**Task item**
Starting with the line that has "Let's see how" in the records below and stopping after the line that has "Hi there, so", output every line exactly and nothing else; skip pictures.

**Input for this task**
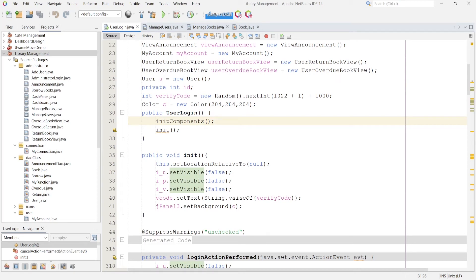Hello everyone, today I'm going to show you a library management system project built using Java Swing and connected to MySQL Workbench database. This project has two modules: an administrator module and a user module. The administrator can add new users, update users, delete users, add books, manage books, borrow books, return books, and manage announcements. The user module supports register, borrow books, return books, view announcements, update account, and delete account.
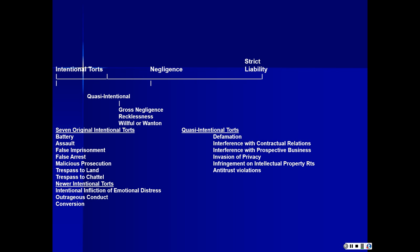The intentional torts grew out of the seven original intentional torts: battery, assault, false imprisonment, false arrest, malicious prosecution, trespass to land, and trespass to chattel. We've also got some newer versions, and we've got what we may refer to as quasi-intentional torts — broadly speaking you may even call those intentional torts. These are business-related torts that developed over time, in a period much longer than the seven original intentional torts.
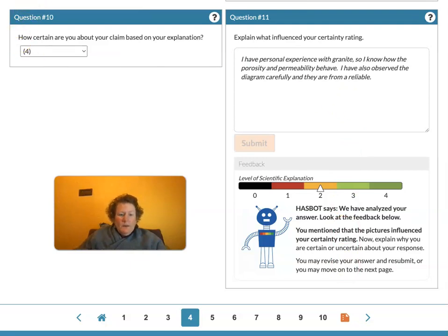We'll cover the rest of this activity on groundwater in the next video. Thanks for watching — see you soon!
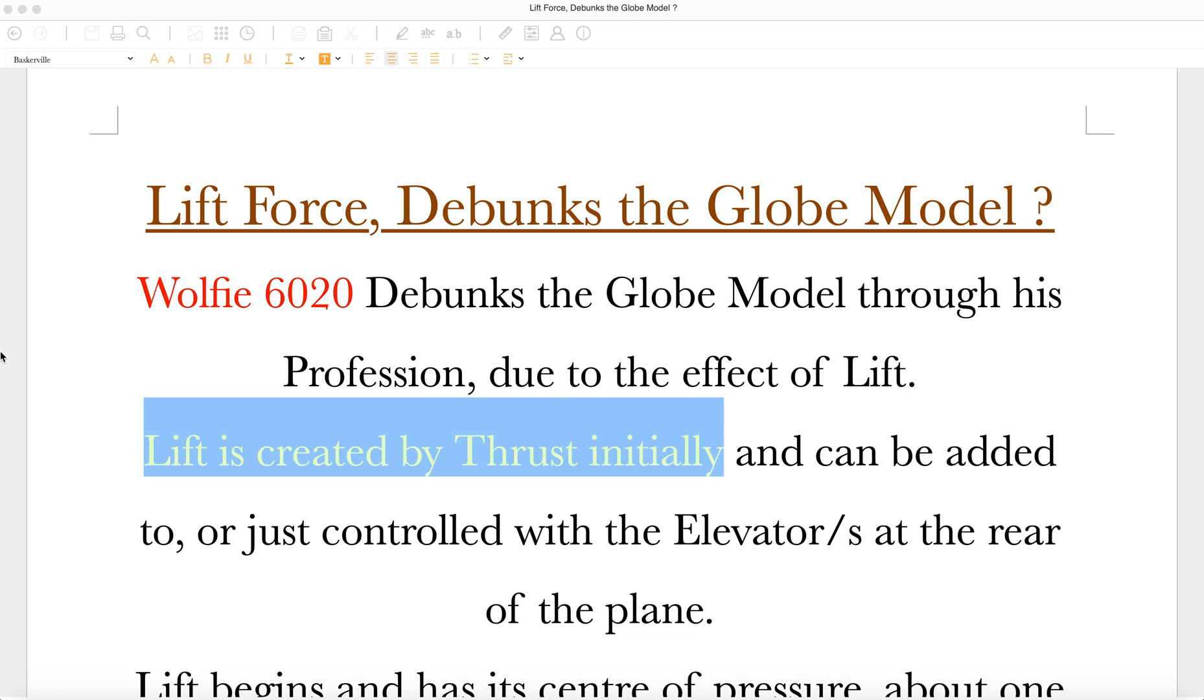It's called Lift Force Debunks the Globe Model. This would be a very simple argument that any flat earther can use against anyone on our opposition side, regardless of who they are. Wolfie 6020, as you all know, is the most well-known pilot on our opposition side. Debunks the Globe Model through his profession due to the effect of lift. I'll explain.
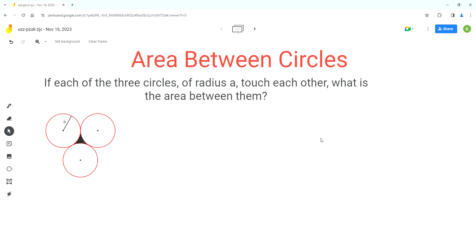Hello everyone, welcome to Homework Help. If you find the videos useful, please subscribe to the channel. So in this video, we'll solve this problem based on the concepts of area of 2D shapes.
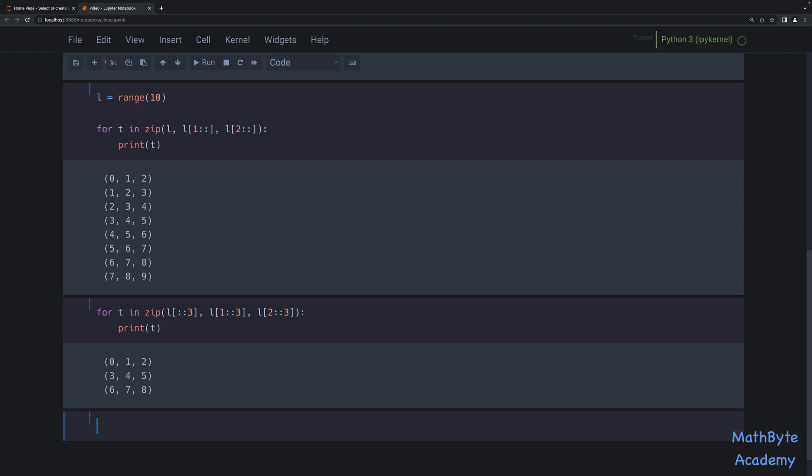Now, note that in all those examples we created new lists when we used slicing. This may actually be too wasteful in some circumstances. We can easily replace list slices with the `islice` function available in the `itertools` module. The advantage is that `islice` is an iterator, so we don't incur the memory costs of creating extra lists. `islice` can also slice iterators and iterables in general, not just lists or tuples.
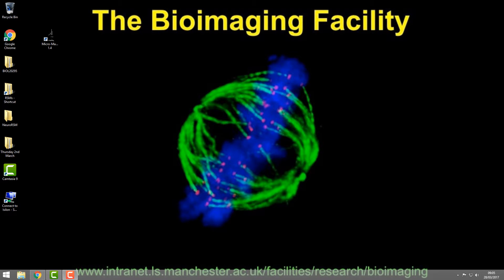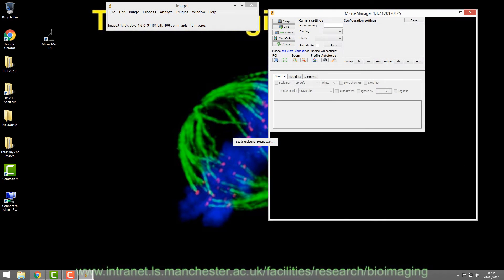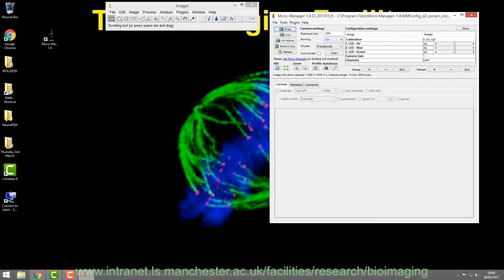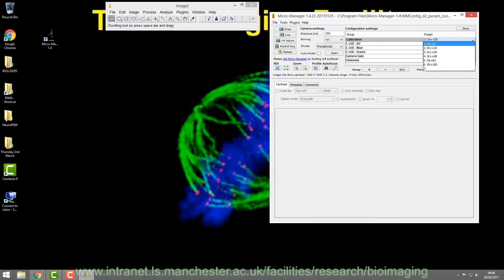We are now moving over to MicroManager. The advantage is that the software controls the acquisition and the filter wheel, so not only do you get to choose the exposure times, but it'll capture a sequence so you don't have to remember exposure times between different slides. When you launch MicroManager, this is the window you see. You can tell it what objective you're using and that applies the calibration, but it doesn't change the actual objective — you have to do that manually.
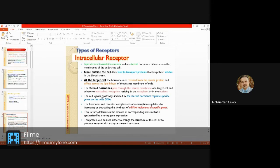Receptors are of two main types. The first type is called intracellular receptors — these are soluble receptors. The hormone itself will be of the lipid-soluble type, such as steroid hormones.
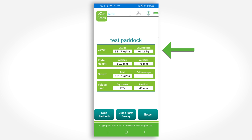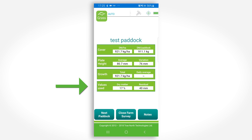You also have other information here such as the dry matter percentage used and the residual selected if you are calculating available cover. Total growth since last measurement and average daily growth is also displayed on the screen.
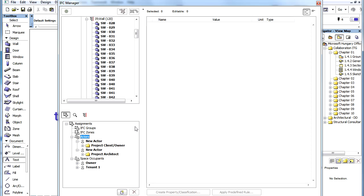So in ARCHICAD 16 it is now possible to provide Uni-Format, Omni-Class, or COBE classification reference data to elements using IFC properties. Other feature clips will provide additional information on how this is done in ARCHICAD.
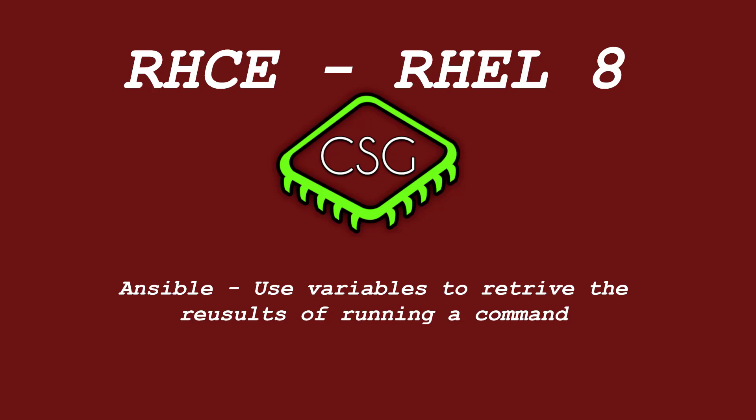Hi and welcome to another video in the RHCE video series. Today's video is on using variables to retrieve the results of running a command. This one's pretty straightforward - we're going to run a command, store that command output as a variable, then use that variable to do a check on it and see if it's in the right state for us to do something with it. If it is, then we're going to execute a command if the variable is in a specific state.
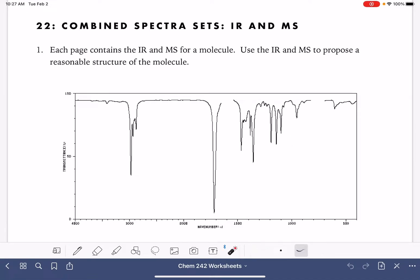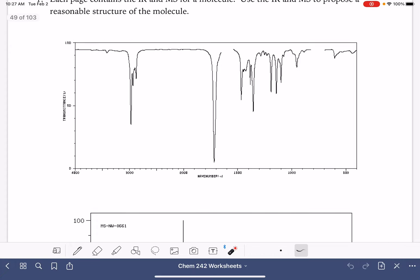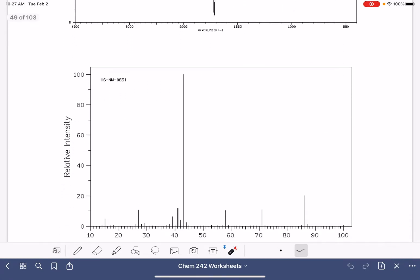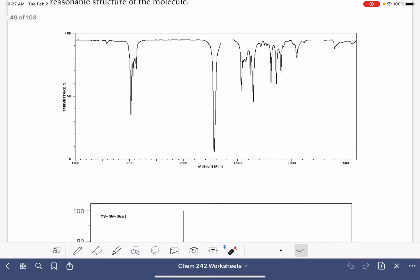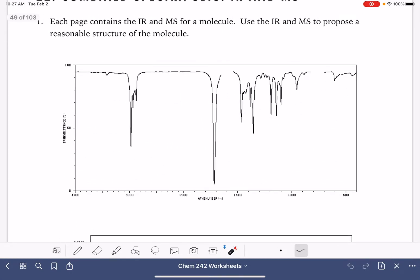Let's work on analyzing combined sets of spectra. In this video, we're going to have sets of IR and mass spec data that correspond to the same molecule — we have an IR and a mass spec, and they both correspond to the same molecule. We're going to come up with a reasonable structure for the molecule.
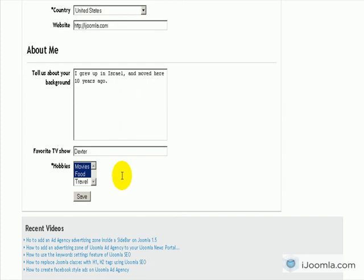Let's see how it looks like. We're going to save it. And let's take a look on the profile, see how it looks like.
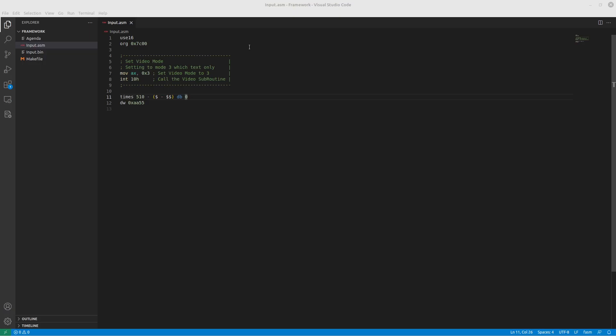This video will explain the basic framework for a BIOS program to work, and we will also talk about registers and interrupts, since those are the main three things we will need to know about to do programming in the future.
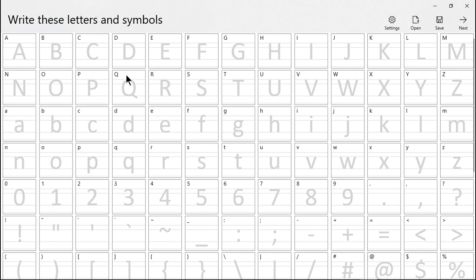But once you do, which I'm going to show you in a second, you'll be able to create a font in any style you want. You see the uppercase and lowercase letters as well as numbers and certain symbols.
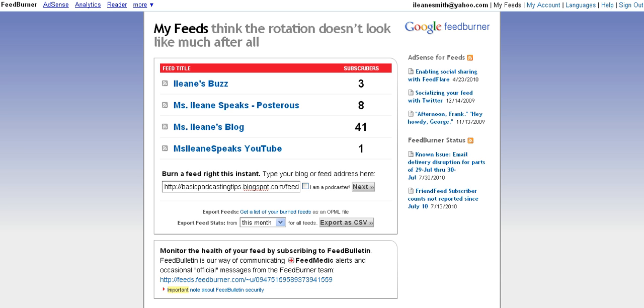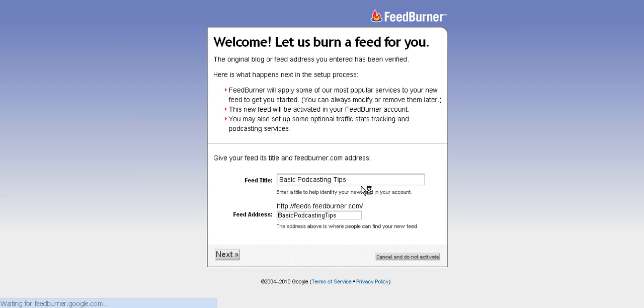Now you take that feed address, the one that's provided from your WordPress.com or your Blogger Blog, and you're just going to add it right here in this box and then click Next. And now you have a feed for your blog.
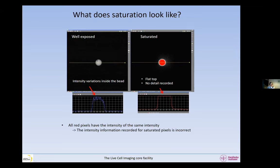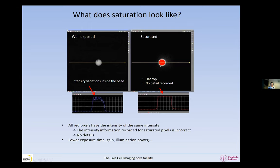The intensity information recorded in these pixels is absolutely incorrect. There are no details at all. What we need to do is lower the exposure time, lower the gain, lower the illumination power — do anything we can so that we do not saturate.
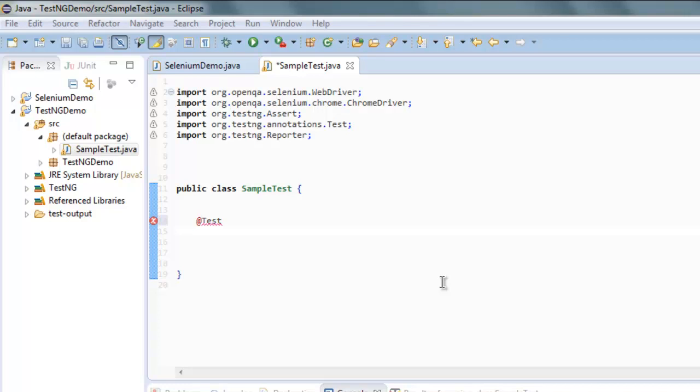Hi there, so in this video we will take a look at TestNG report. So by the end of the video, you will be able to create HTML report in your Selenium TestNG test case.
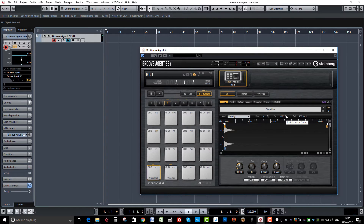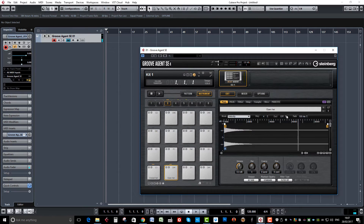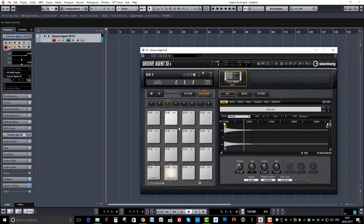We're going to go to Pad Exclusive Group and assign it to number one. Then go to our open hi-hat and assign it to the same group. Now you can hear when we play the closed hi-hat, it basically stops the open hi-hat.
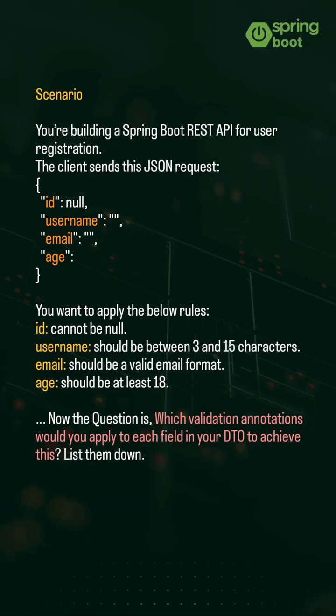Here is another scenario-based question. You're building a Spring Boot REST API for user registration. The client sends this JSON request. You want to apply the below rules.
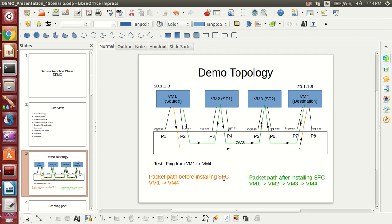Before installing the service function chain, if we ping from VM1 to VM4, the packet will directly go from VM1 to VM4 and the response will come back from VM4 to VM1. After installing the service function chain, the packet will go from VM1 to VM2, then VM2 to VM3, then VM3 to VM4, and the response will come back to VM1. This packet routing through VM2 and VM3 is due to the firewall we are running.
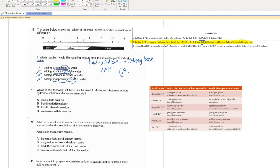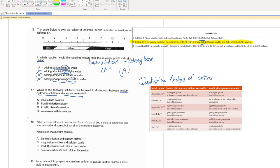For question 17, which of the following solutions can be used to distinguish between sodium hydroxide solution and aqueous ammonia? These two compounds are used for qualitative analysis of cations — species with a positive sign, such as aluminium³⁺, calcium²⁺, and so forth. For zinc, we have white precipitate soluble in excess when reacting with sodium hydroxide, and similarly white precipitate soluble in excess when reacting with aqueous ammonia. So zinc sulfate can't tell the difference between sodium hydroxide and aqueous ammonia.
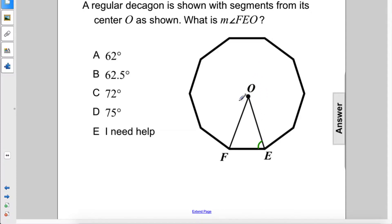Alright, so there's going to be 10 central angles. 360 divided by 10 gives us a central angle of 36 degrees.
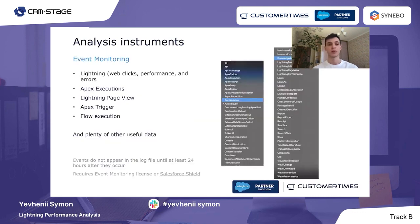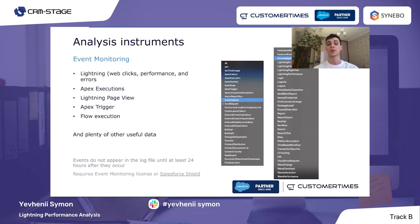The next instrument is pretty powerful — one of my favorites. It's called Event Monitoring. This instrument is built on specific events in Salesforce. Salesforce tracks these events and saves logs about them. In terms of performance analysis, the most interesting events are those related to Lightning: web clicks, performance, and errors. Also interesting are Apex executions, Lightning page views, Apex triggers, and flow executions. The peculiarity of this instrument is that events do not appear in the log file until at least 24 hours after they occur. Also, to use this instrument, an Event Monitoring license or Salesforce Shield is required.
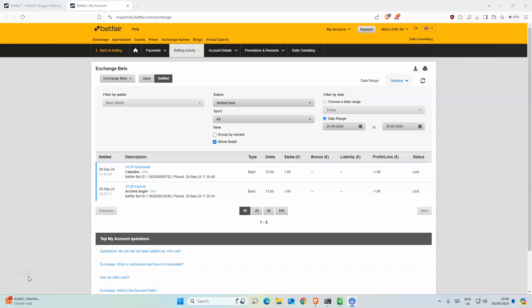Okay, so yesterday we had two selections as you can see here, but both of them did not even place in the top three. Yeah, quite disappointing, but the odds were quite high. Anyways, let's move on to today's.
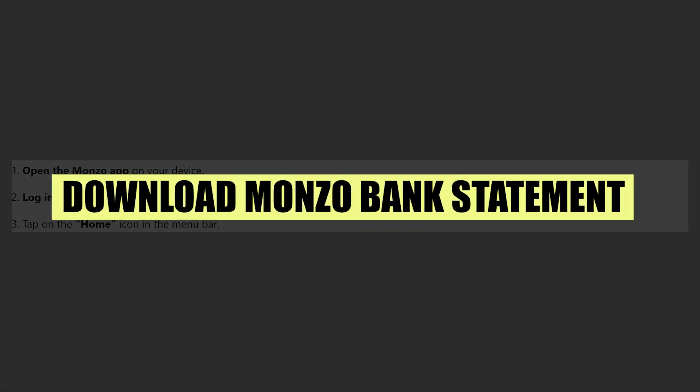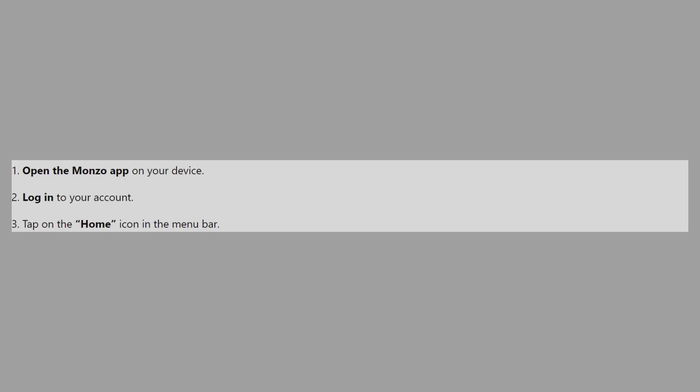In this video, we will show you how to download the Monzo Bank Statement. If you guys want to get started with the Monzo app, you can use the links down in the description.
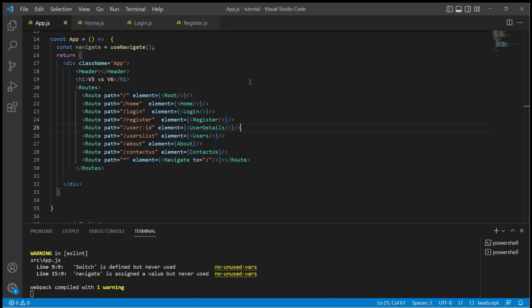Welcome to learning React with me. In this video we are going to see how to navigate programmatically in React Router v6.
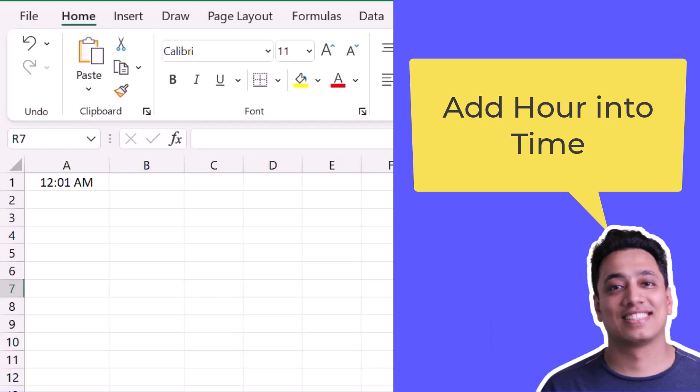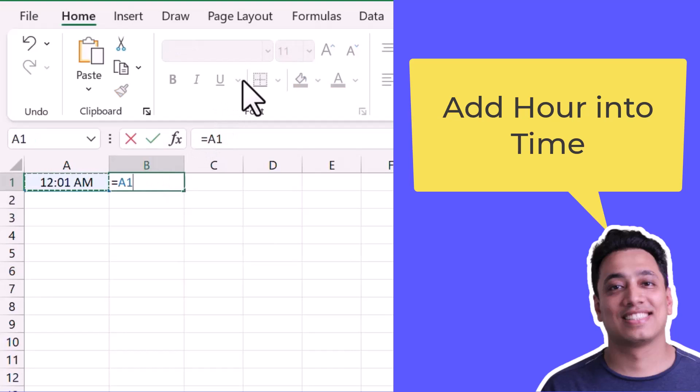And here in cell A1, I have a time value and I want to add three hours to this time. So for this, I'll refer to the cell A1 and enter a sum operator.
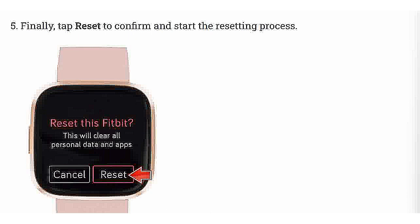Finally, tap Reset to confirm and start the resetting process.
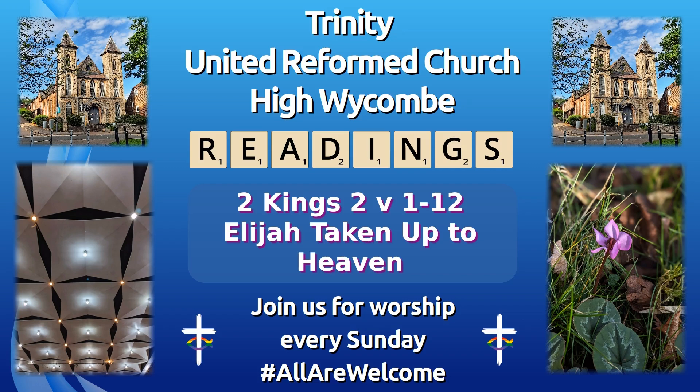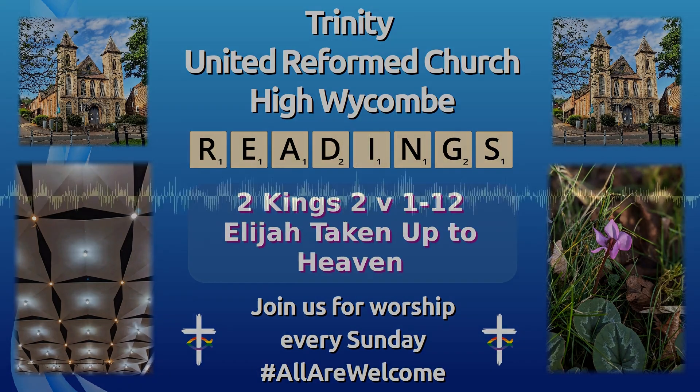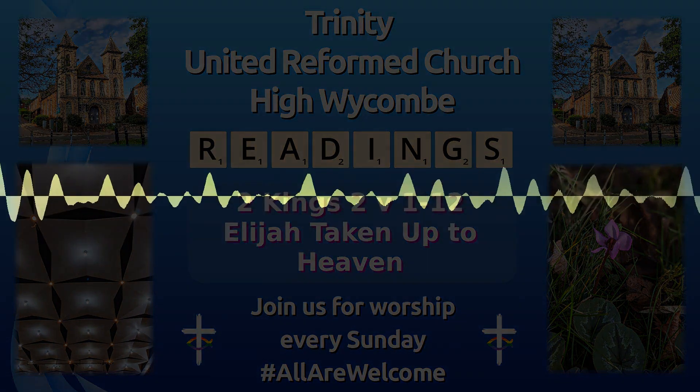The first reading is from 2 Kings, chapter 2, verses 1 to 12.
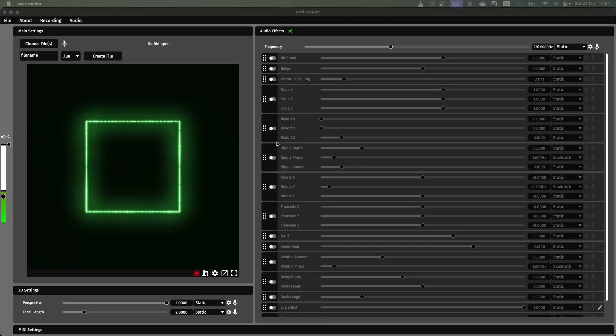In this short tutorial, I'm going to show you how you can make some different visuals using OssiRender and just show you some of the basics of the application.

**Output below**
Let's see how it looks like. We're going to save it. And let's take a look on the profile, see how it looks like.
This video will explain the basic framework for a BIOS program to work, and we will also talk about registers and interrupts, since those are the main three things we will need to know about to do programming in the future.
But once you do, which I'm going to show you in a second, you'll be able to create a font in any style you want. You see the uppercase and lowercase letters as well as numbers and certain symbols.
Now you take that feed address, the one that's provided from your WordPress.com or your Blogger Blog, and you're just going to add it right here in this box and then click Next. And now you have a feed for your blog.
The intensity information recorded in these pixels is absolutely incorrect. There are no details at all. What we need to do is lower the exposure time, lower the gain, lower the illumination power — do anything we can so that we do not saturate.
Hi there, so in this video we will take a look at TestNG report. So by the end of the video, you will be able to create HTML report in your Selenium TestNG test case.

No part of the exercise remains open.